TASK REQUIREMENTS
Transcribe every entry word for word. Skip the pictures.

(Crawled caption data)
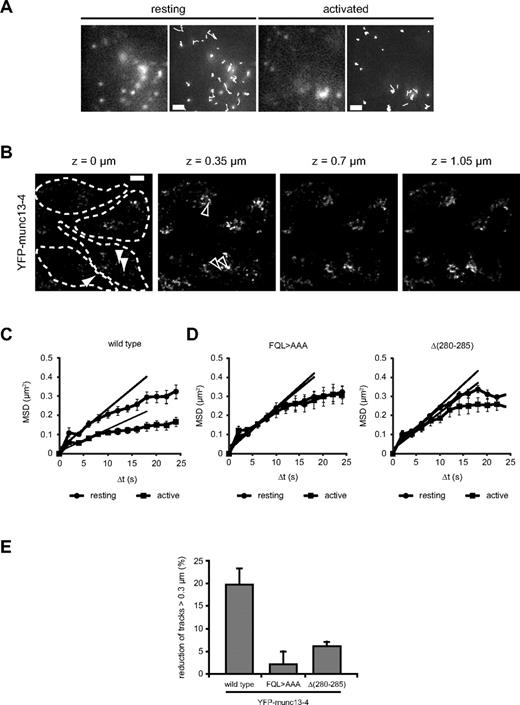 Figure 4. Docking of munc13-4 granules at the plasma membrane requires rab27. (A) TIRFM view of YFP-munc13-4 in resting and activated RBL-2H3 stably expressing Cherry-rab27a and YFP-munc13-4. White trajectories represent tracks of individual granules. Scale bar indicates 2 μm. (B) RBL-2H3 cells expressing YFP-munc13-4 were imaged with a confocal microscope using 0.35-μm slices. The smaller granules (closed arrowheads) that are observed in the TIRF view are predominantly found at the basal side of the cell (z = 0 μm), whereas the signal for the out-of-focus, larger granules in the background is indicated with open arrowheads. Note that the optical sections are ∼ 3 times thicker than the TIRF zone. The larger granules with diameter > 0.3 μm are distributed to the upper layers of the z-stack. Scale bar indicates 5 μm. (C) MSD versus Δtime plots of the tracks analyzed per cell (n = 15) in resting (●) or activated (■) Cherry-rab27a YFP-munc13-4–expressing cells of a representative experiment. Black lines indicate the slope of the first 8 seconds. (D) Same analysis as in panel C for Cherry-rab27a YFP-munc13-4(FQL > AAA) and Cherry-rab27a YFP-munc13-4Δ (280-285) cell lines. (E) Decrease in mobile vesicles after activation was analyzed per cell for 15 cells in 3 experiments and compared between wild-type munc13-4 and mutants that do not bind rab27.
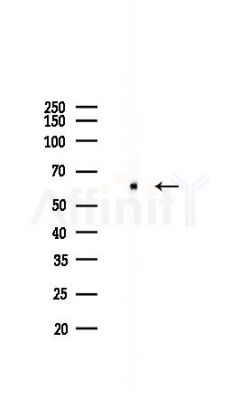 SREBP1 Antibody - Western blot analysis of lysates from 293 cells(heat-shock 45min treatment), using SREBP1 Antibody at 1/1000 dilution.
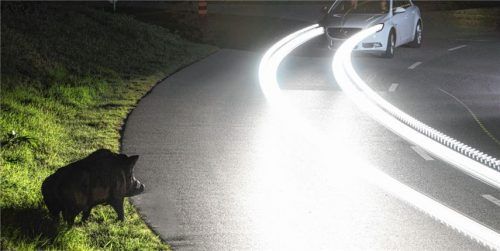 Wildunfälle haben wieder zugenommen. Foto  ADAC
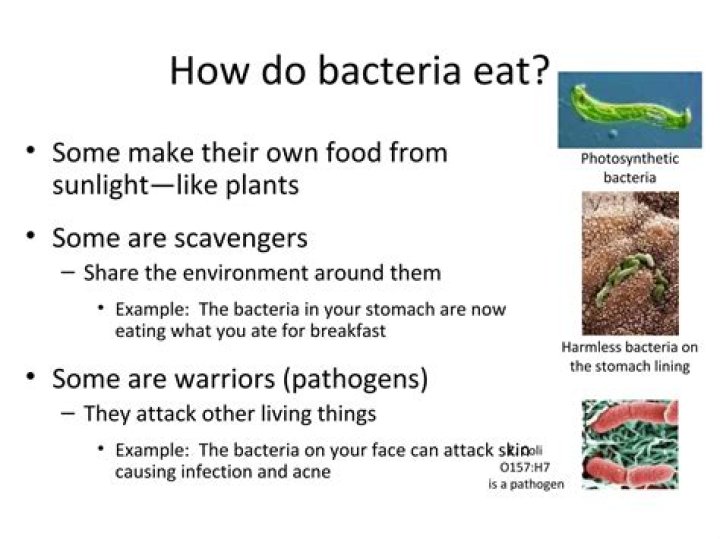 how do bacteria make food
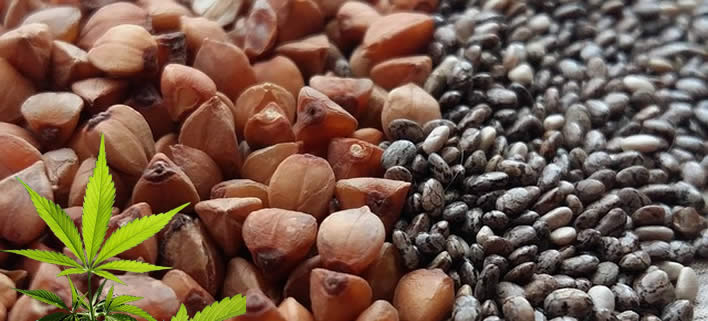 Hanf-Protein: Gesundheitliche Vorteile, Ernährung und Verwendungen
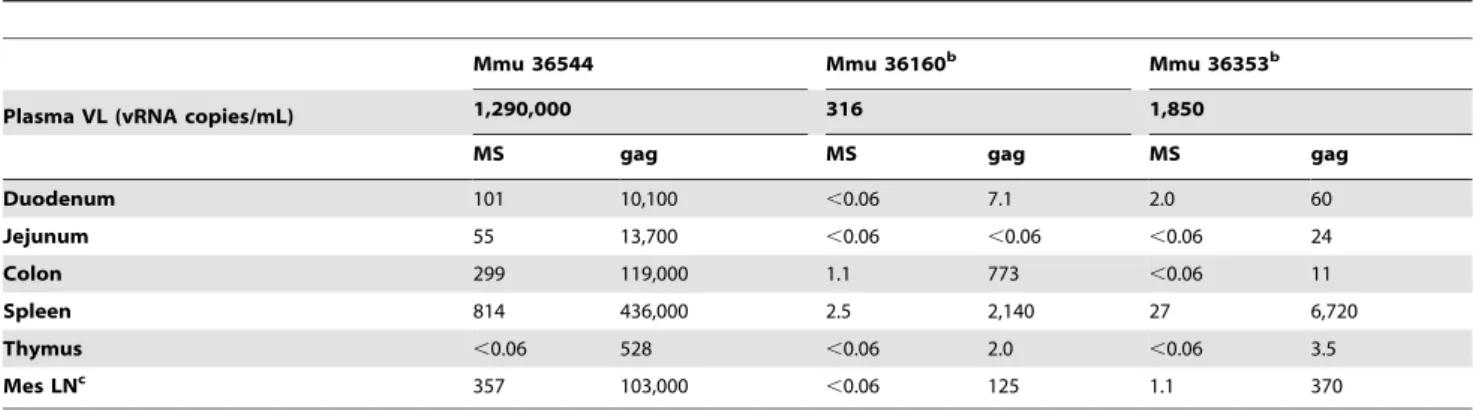 Table 3. MS mRNA and gag RNA analysis in macaques with plasma virus loads .50 vRNA copies/mL at necropsy a .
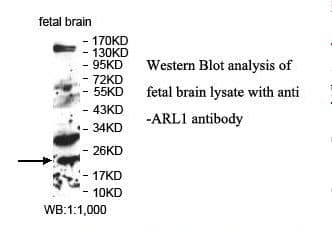 ARL1 Antibody (aa2-181)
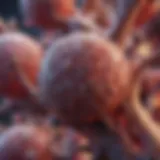 Microscopic view of bone marrow stromal cells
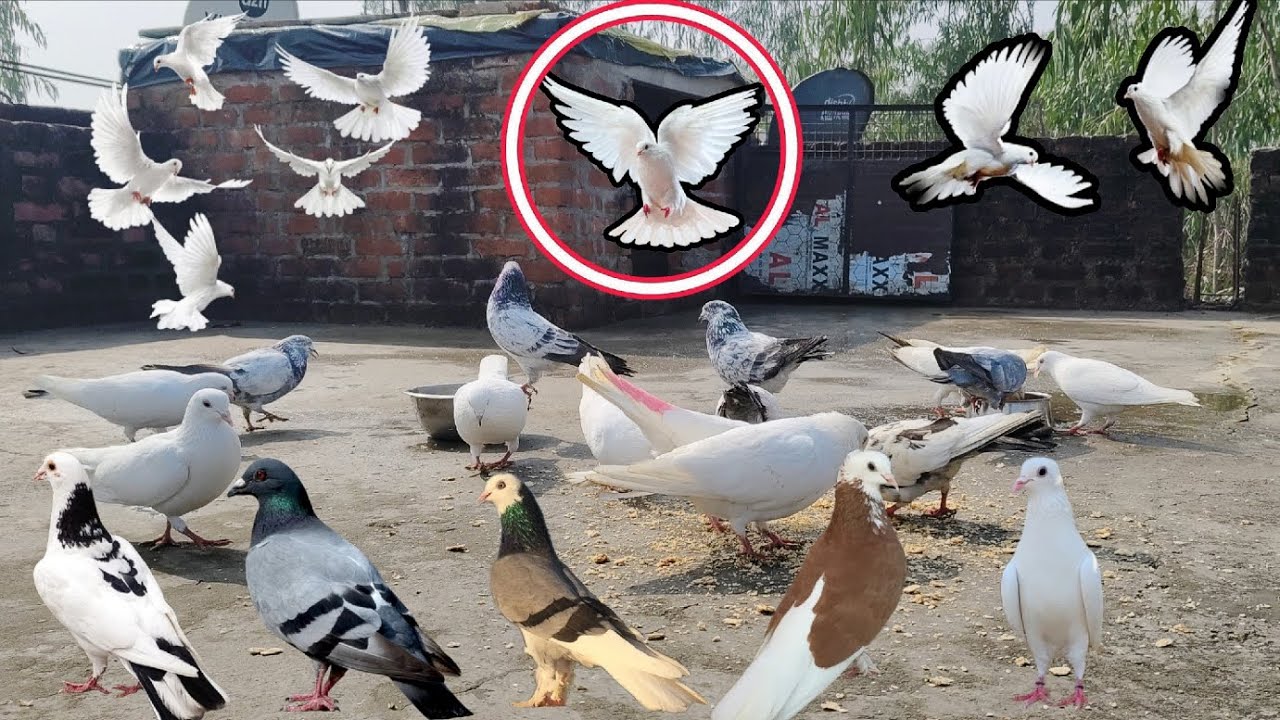 SARE KABUTAR LOVER VIDEO VIRAL 🕊️👀  Punjabi kabutar dikhata hun pigeon pets Kabutar vlog video viral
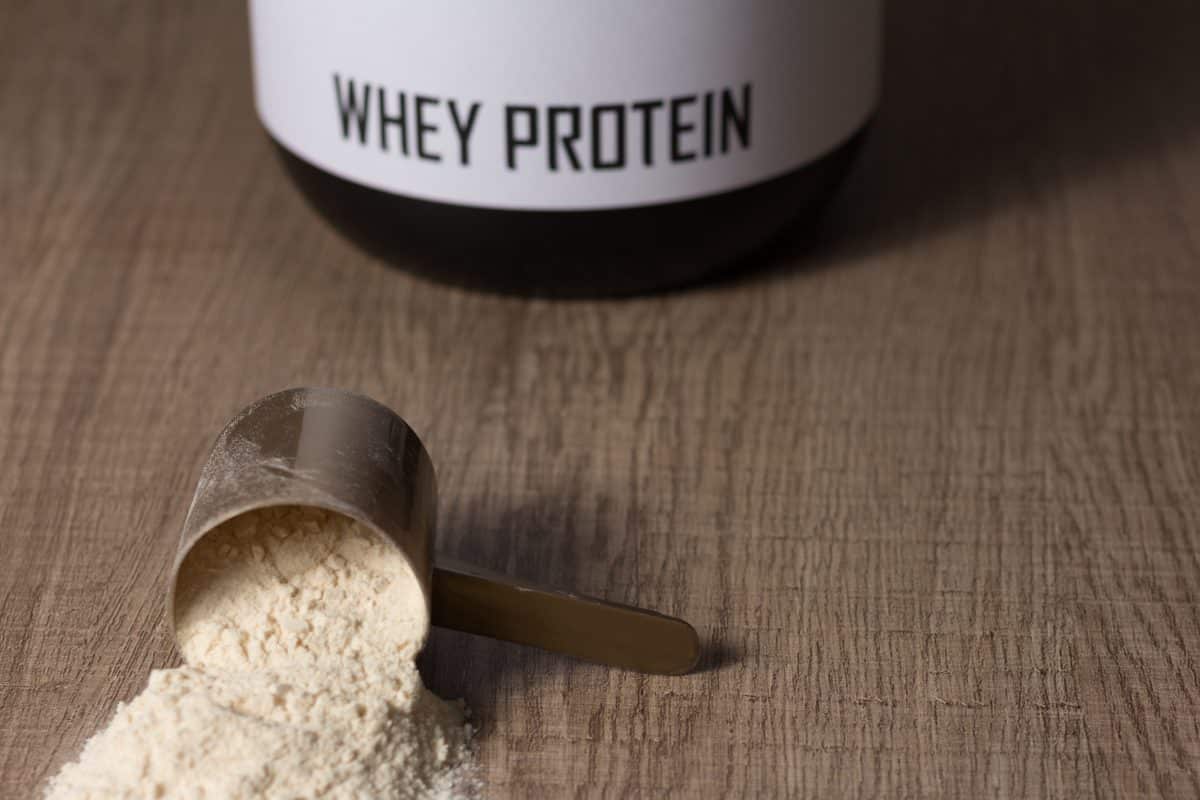 does whey protein cause constipation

THE ANSWER
 Figure 4. Docking of munc13-4 granules at the plasma membrane requires rab27. (A) TIRFM view of YFP-munc13-4 in resting and activated RBL-2H3 stably expressing Cherry-rab27a and YFP-munc13-4. White trajectories represent tracks of individual granules. Scale bar indicates 2 μm. (B) RBL-2H3 cells expressing YFP-munc13-4 were imaged with a confocal microscope using 0.35-μm slices. The smaller granules (closed arrowheads) that are observed in the TIRF view are predominantly found at the basal side of the cell (z = 0 μm), whereas the signal for the out-of-focus, larger granules in the background is indicated with open arrowheads. Note that the optical sections are ∼ 3 times thicker than the TIRF zone. The larger granules with diameter > 0.3 μm are distributed to the upper layers of the z-stack. Scale bar indicates 5 μm. (C) MSD versus Δtime plots of the tracks analyzed per cell (n = 15) in resting (●) or activated (■) Cherry-rab27a YFP-munc13-4–expressing cells of a representative experiment. Black lines indicate the slope of the first 8 seconds. (D) Same analysis as in panel C for Cherry-rab27a YFP-munc13-4(FQL > AAA) and Cherry-rab27a YFP-munc13-4Δ (280-285) cell lines. (E) Decrease in mobile vesicles after activation was analyzed per cell for 15 cells in 3 experiments and compared between wild-type munc13-4 and mutants that do not bind rab27.
 SREBP1 Antibody - Western blot analysis of lysates from 293 cells(heat-shock 45min treatment), using SREBP1 Antibody at 1/1000 dilution.
 Wildunfälle haben wieder zugenommen. Foto  ADAC
 how do bacteria make food
 Hanf-Protein: Gesundheitliche Vorteile, Ernährung und Verwendungen
 Table 3. MS mRNA and gag RNA analysis in macaques with plasma virus loads .50 vRNA copies/mL at necropsy a .
 ARL1 Antibody (aa2-181)
 Microscopic view of bone marrow stromal cells
 SARE KABUTAR LOVER VIDEO VIRAL 🕊️👀  Punjabi kabutar dikhata hun pigeon pets Kabutar vlog video viral
 does whey protein cause constipation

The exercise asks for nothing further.